→ Task prompt
Excluding pictures, retype the line with "Tropical Paradise Hawaiian Floral Bowl" and each line that follows it to the end of the data below, word for word.

Image-text web data:
-*-*-
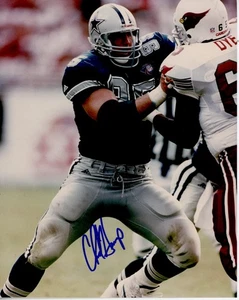 CHAD HENNINGS #95 DALLAS COWBOYS SIGNED AUTO 8" X 10" PHOTO NO COA - Picture 1 of 2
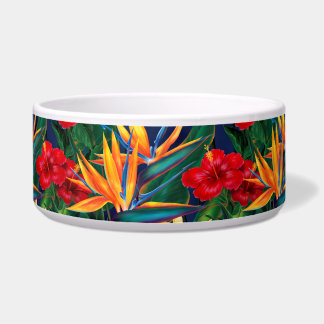 Tropical Paradise Hawaiian Floral Bowl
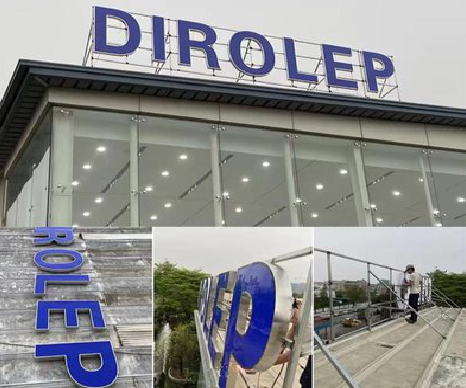 黄龙楼顶发光字安装的注意事项。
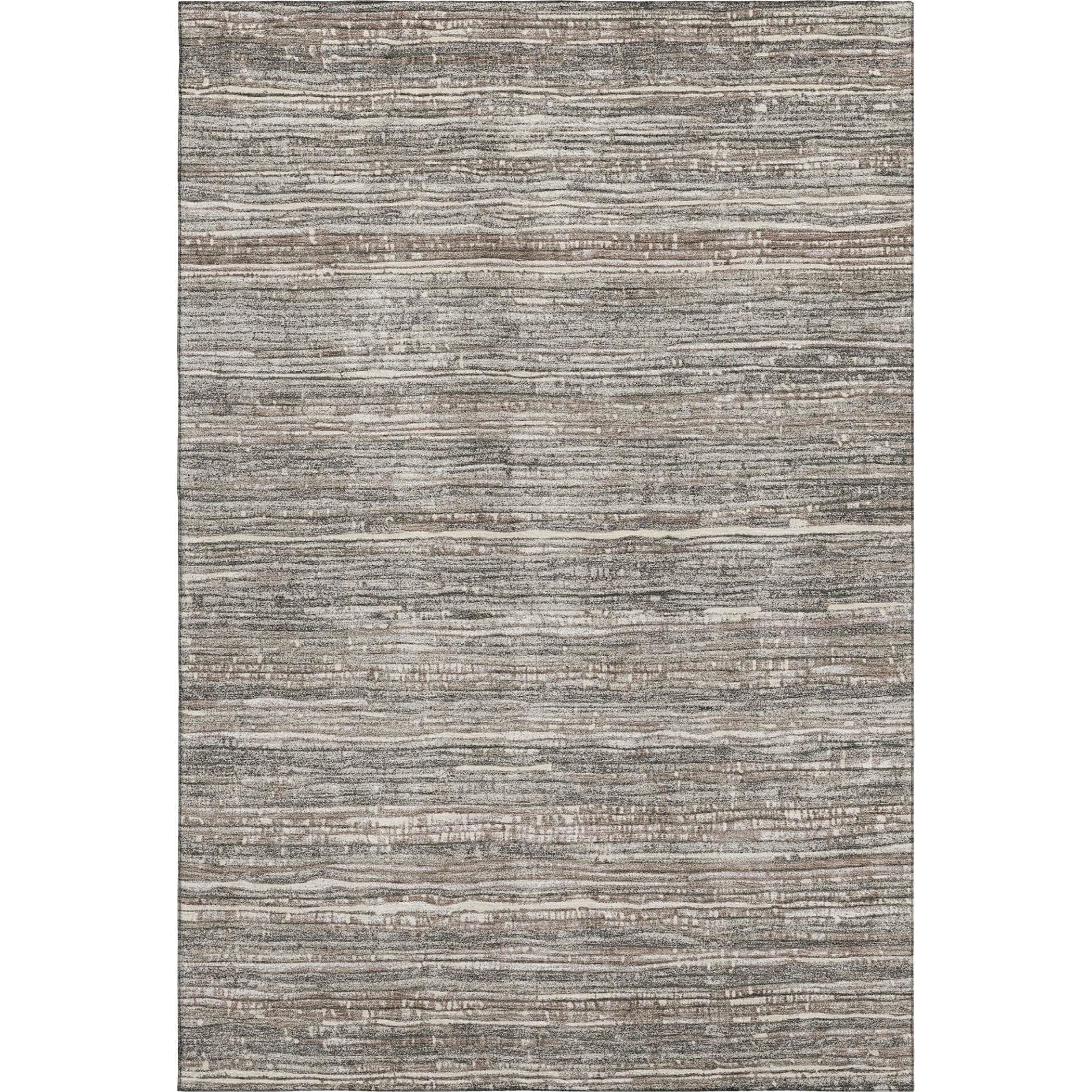 Kathmandu Machine Washable Transitional Beige Brown Rug 2'6" x 3'10" #shape_Rectangle
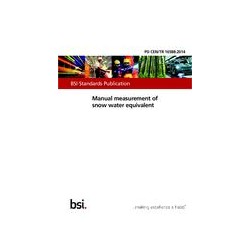 BS PD CEN/TR 16588:2014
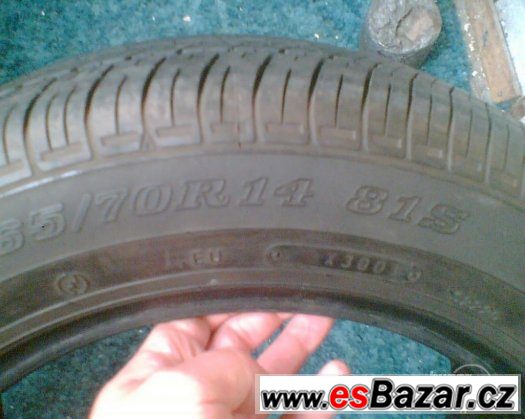 Dunlop SP10 165/70R14:prodám  jednu pneu,vzorek 5-7mm – fotografie 2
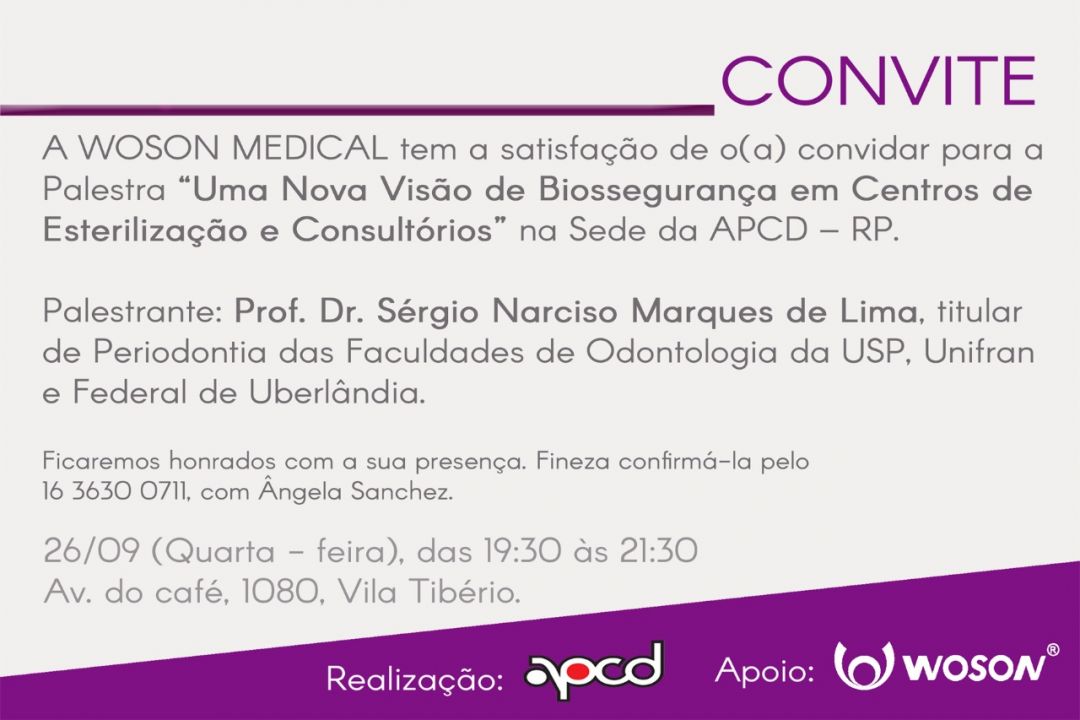 Quarta Científica APCD-Ribeirão Preto: Biossegurança em Centros de Esterilização e Consultórios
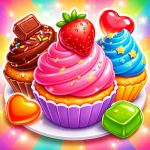 Cupcake Match 3 Puzzle Game MOD Unlimited Money 2.9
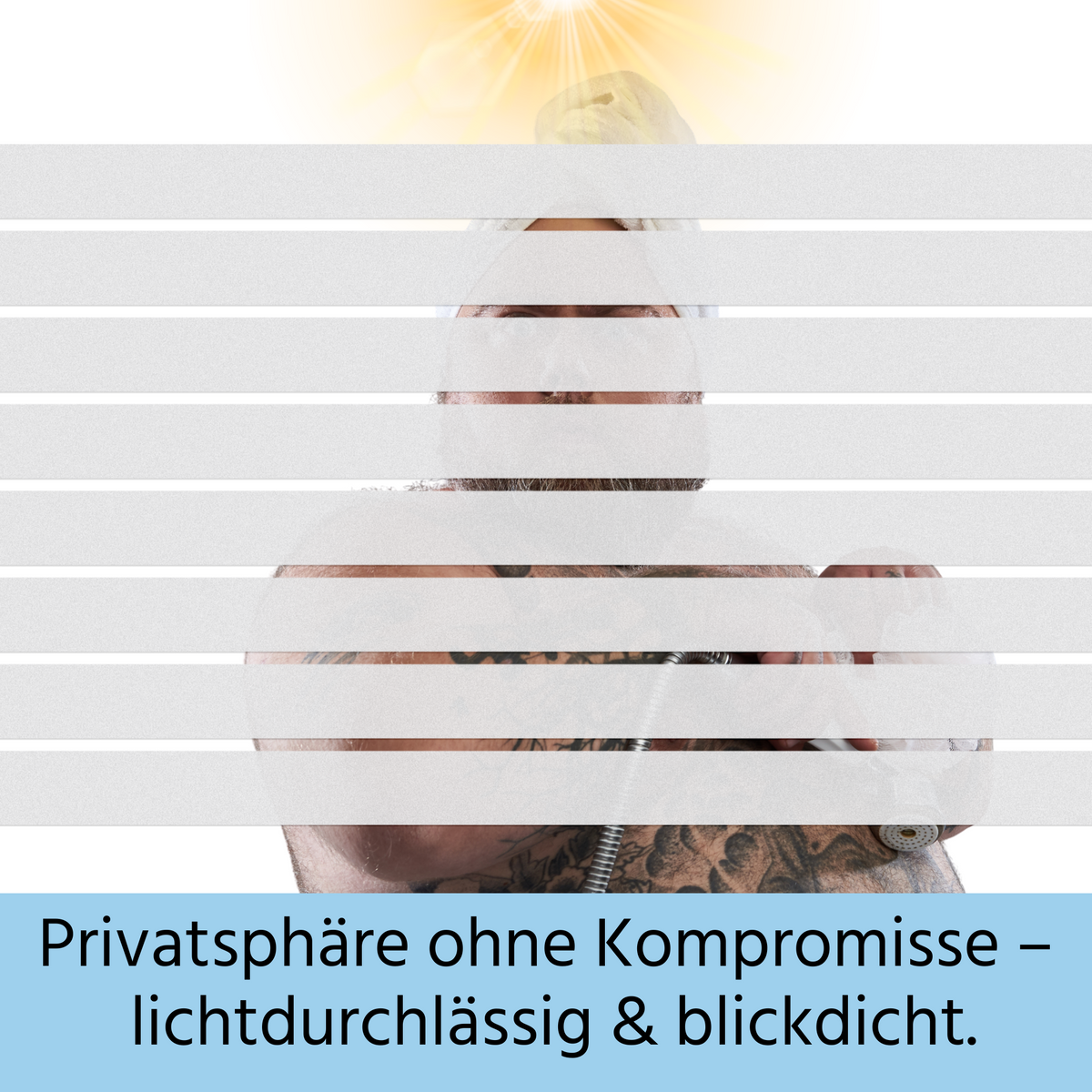 Streifenfolie für Fenster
-*-*-
→ Result of the exercise
 Tropical Paradise Hawaiian Floral Bowl
 黄龙楼顶发光字安装的注意事项。
 Kathmandu Machine Washable Transitional Beige Brown Rug 2'6" x 3'10" #shape_Rectangle
 BS PD CEN/TR 16588:2014
 Dunlop SP10 165/70R14:prodám  jednu pneu,vzorek 5-7mm – fotografie 2
 Quarta Científica APCD-Ribeirão Preto: Biossegurança em Centros de Esterilização e Consultórios
 Cupcake Match 3 Puzzle Game MOD Unlimited Money 2.9
 Streifenfolie für Fenster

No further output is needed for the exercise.